In sum, the Final Application is denied for four reasons: (1) HP’s failure to keep detailed, contemporaneous records of each individual activity; (2) HP’s failure to establish that its services resulted in “an identifiable, tangible, and material benefit to the bankruptcy estate” required by Pro-Snax; (3) HP’s failure to establish that its services were reasonably likely to benefit the estate at the time they were performed; and (4) HP’s failure to comply with the disclosure requirements of Bankruptcy Rule 2014. This Court concludes that the first three reasons each provide independent bases for denying the Final Application. The fourth, HP’s violation of Rule 2014, further supports this Court’s conclusion that wholesale denial of the Final Application is appropriate.
Consequently, this Court will deny the Final Application and order HP to disgorge all monies previously received for the services listed therein. See Matter of Prudhomme, 43 F.3d at 1004 & n.2 ; In re IRH Vintage Park Partners, 456 B.R. at 677 . An order denying the Final Application has been entered concurrently with this Opinion.
 The Federal Rules of Bankruptcy Procedure (the Rules)
 Title 11 of the United States Code (the Code).

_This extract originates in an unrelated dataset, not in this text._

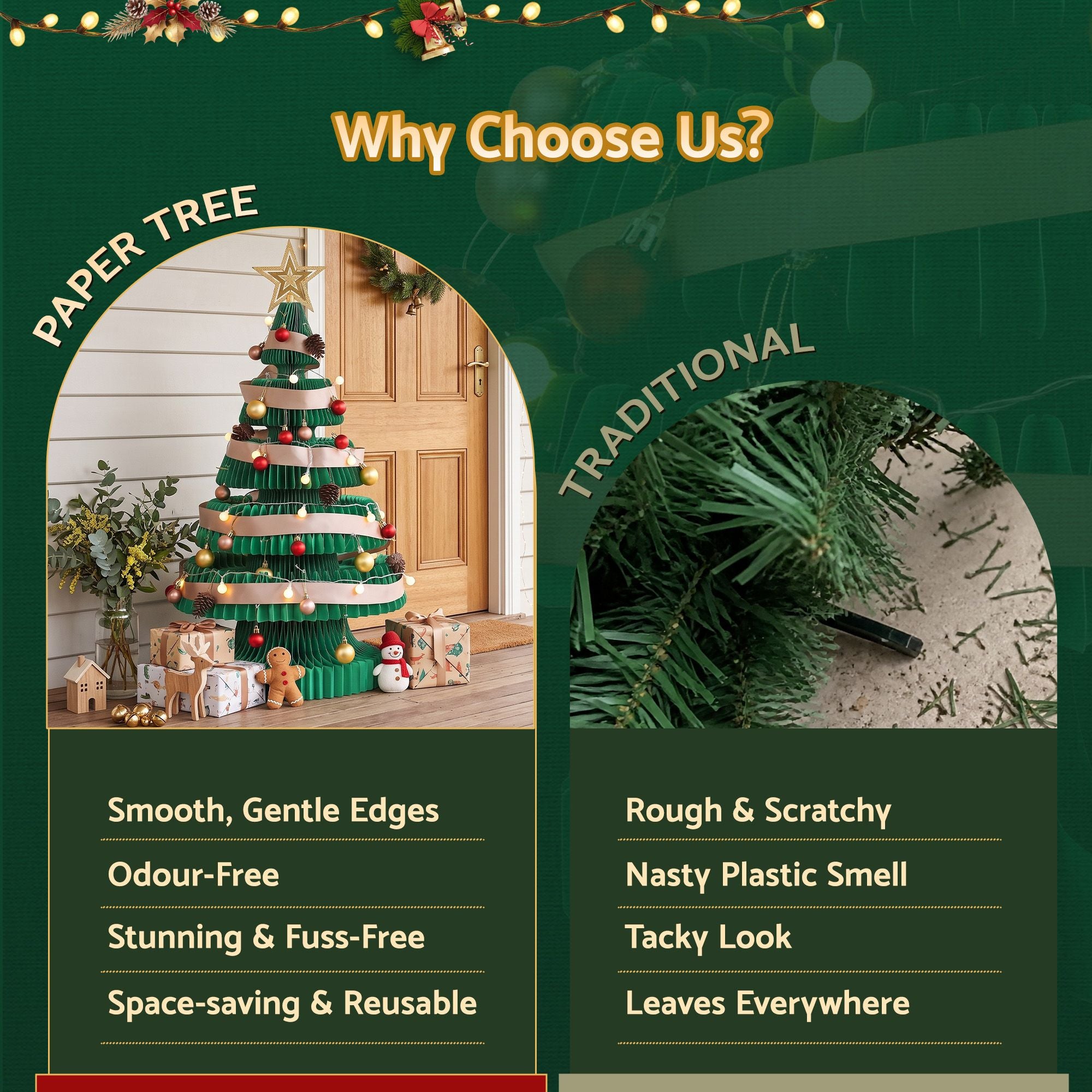 Paper Christmas Tree 87CM w/ Star Topper LEDs Xmas Decorations Kit Home Office Green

 See In re Smith, 317 F.3d 918, 926 (9th Cir. 2002) (“[S]ervices that are reasonably likely to provide an identifiable, tangible and material benefit to the debtor’s estate can be compensated, even if they do not actually provide such a benefit.”); In re Top Grade Sausage, Inc., 227 F.3d 123, 132 (3d Cir. 2000) abrogated on other grounds by Lamie, 540 U.S. 526, 124 S.Ct. 1023 (adopting the test that the professional’s services “be evaluated pursuant to the standards set forth in § 330(a)(4)(A) and not by some heightened standard or by hindsight. Accordingly, the debtor’s attorney must show that the representation was reasonably likely to benefit the debtor’s estate.”); In re Ames Department Stores, Inc., 76 F.3d 66, 72 (2d Cir. 1996) (holding that if a professional’s services “are reasonably likely to benefit the debtor’s estate, they should be compensable”); In re Taxman Clothing Co., 49 F.3d 310, 314 (7th Cir. 1995) (adopting the standard of whether the services were those of a reasonable professional).
 HP filed the Interim Application at 2:23 p.m., and then approximately 90 minutes later filed an amended version.

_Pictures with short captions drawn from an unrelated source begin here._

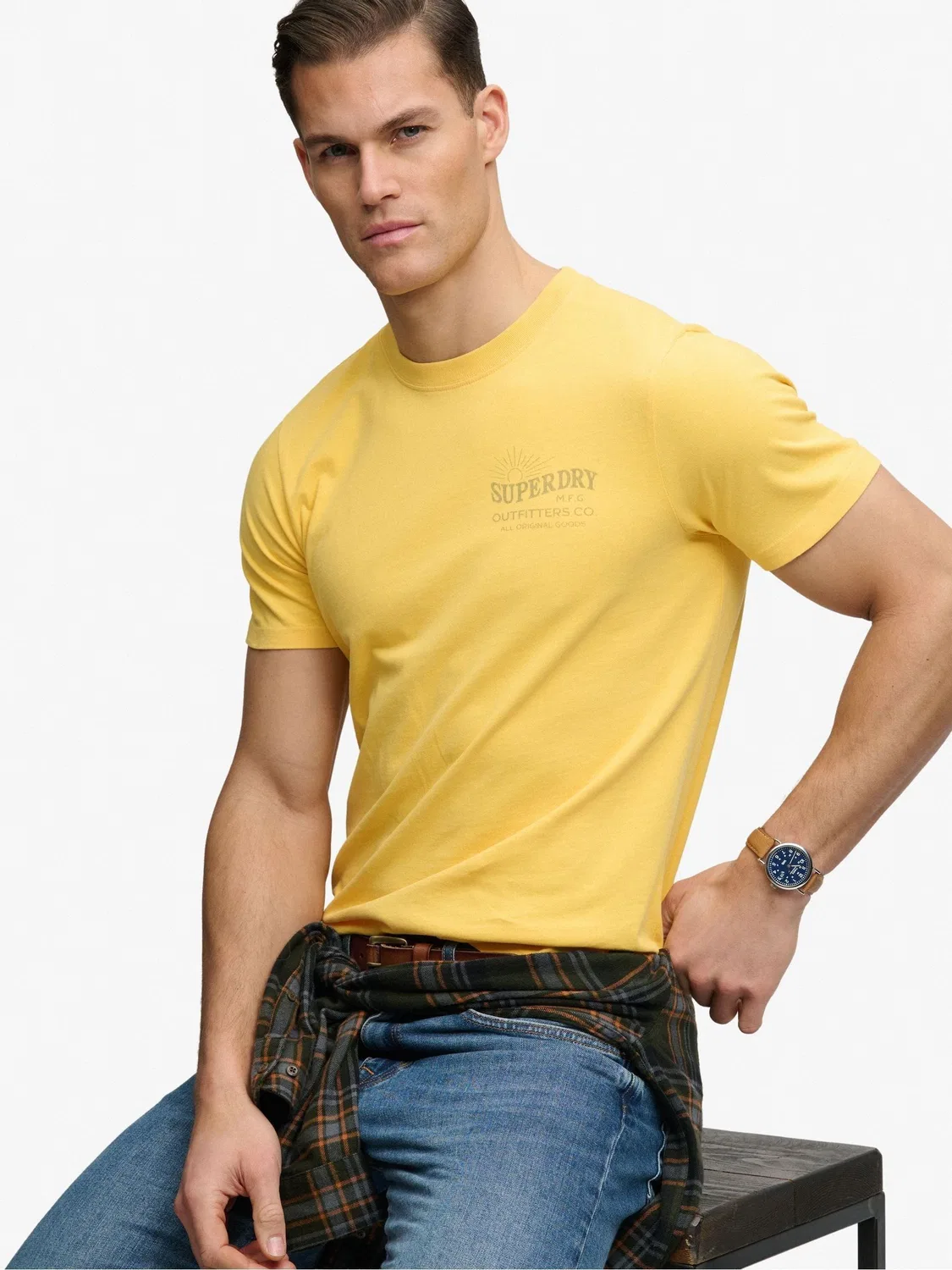 Футболка свободного кроя Outdoors Mountain Superdry, желтый — фото 2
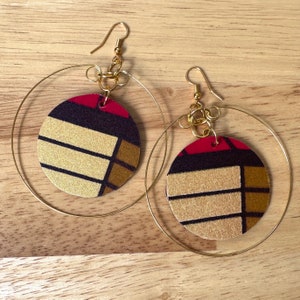 African halo earrings, African fabric earrings, afrocentric earrings, African earrings, hoop earrings, boho earrings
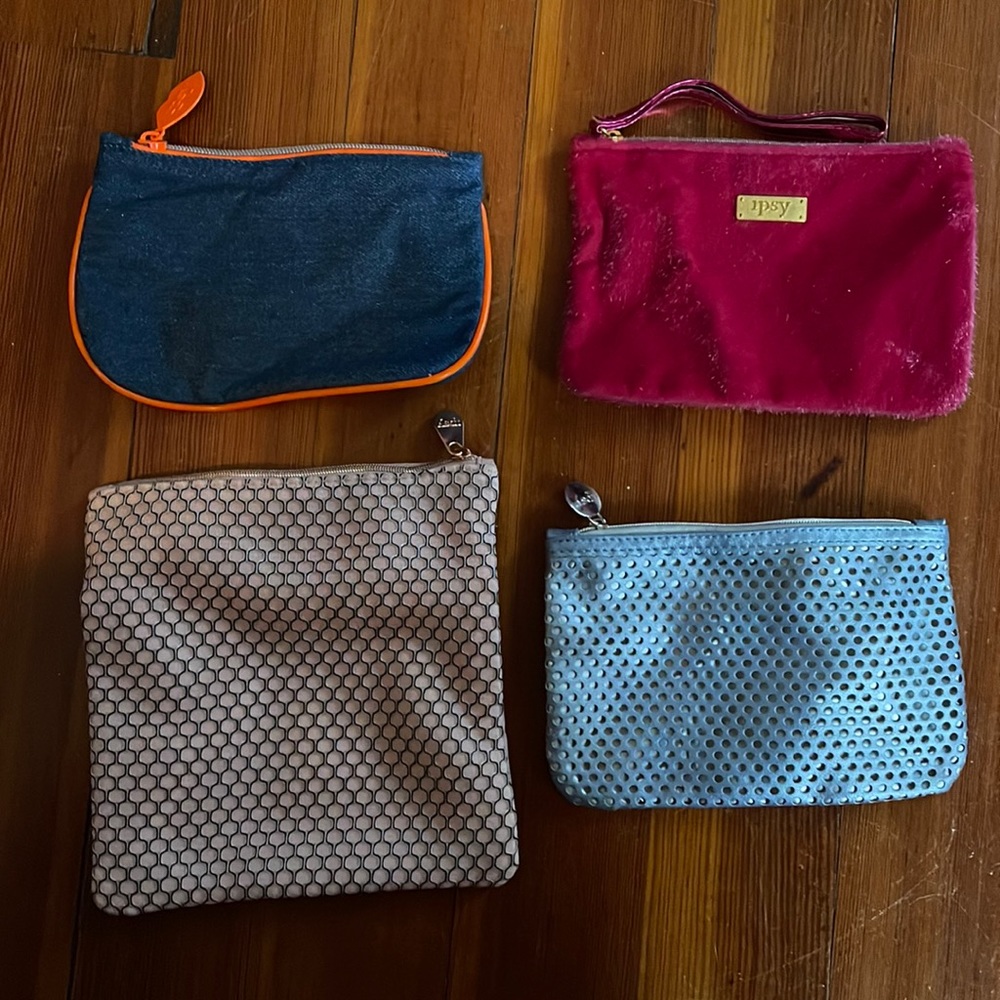 Ipsy lot of 4 Wristlet or makeup bag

 This calculation does not account for additional hours billed for the very similar “Discussion with Debtor and Debtor’s counsel regarding due diligence process and gathering available documents.”

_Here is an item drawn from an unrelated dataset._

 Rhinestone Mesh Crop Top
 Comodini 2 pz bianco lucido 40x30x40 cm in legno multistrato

 The actual stalking horse bid was made by Hurley Fairview, LLC, an entity controlled by Vess Hurley.
 Indeed, according to Herrera’s counsel, there was “virtually no communication” between HP and the Hurleys between August and December of 2013, and it was not clear “whose fault it was.” [Closing Argument of HP’s attorney, Hearing of Nov. 7, 2014 at 9:15 a.m.].
 Unsecured creditors were only paid in full because the Dishons and Hurleys partially relinquished their secured priority claims pursuant to a settlement agreement with the Debtor. [Doc. No. 673].